How to Screw Up Your Marriage – Step 8 – Never Say Sorry

Sometimes to save your relationship, you must make concessions and apologize. If you want to screw up your marriage, don’t bother saying sorry, even if you’re completely in the wrong. The truth is, when you have a close personal relationship with anyone, there will be times they disappoint you or you disappoint them. Marriages are no different. A great way to move past that friction is to apologize, so if you want to screw up your marriage, just don’t.

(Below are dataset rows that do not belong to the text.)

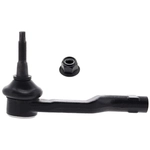 Order MEVOTECH - HGS50646 - Front Driver Side Outer Steering Tie Rod End For Your Vehicle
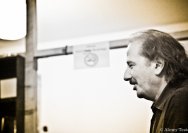 29.02.2012 Umsonst und Drinnen mit Sunbear Bluesband und Luna Bratapfel und die Raben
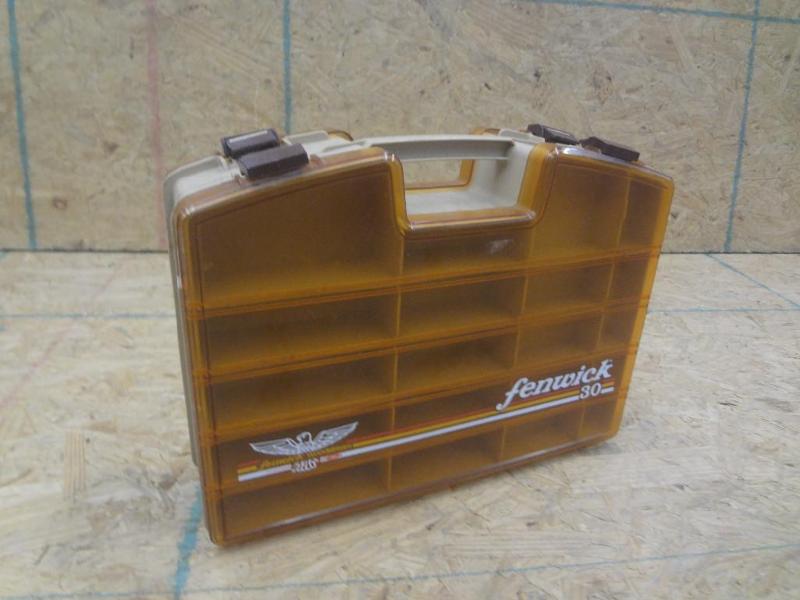 Fenwick Model &quot30&quot Double...
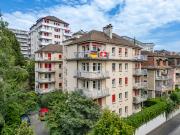 Appartement de 1.5 pièces au centre ville de Lausanne
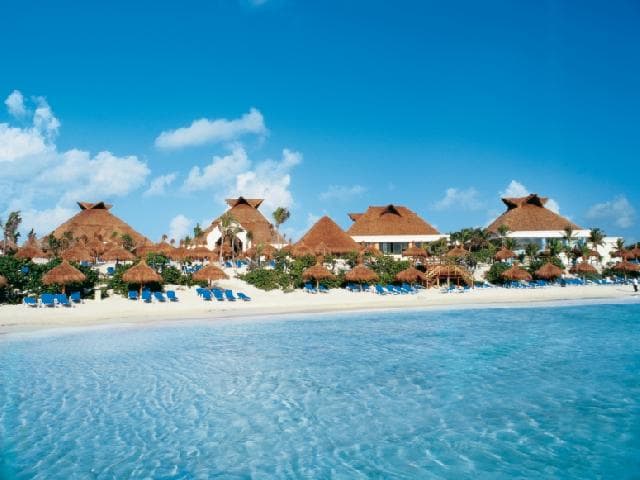 Evaden impuestos hoteles All Inclusive de la Riviera Maya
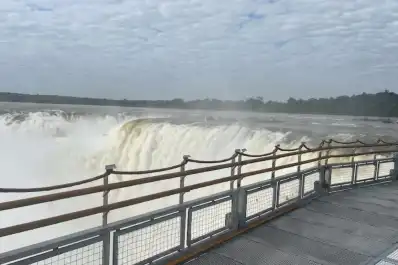 El Niño seguirá afectando a la Argentina hasta 2027: hasta cuándo durará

The problem with apologizing is that it lets your partner know that you understand that they are upset, that you regret what you did to hurt them, and that you want to take active steps to avoid hurting them like that in the future. If you’re deep in a fight, an apology can help bring that fight to an end, so to keep the conflict going and the tension high, don’t give your partner the satisfaction of an apology. Here’s why. Chances are, even when there is a small conflict, your partner is probably waiting for an apology from you. To screw up your marriage, withhold that apology.

Another pro tip is to refuse to apologize, even if your partner does. Sometimes, a conflict can be the fault of more than one person. Perhaps you both said some things you didn’t mean when the situation got heated and your partner has decided to be the bigger person and offer the first apology. By refusing even then to say you’re sorry, you tell your partner loud and clear that you don’t think you did anything wrong and you don’t see your mind changing. Plus, since they’ve already stepped up to be the bigger person, you might as well continue being the smaller one.

Remember, to have a successful marriage, both partners need to own the relationship. When you say sorry, you are taking responsibility for your actions and your half of the relationship. To screw up your marriage, never own your half, no matter how frustrated it leaves your partner or how wrong you are. To take your marriage ruining skills to the next level, avoid opportunities for self-improvement. If your partner suggests that you both work on conflict resolution skills, shoot them down. If you want to screw up your marriage, never own your mistakes, never own your relationship, and never apologize.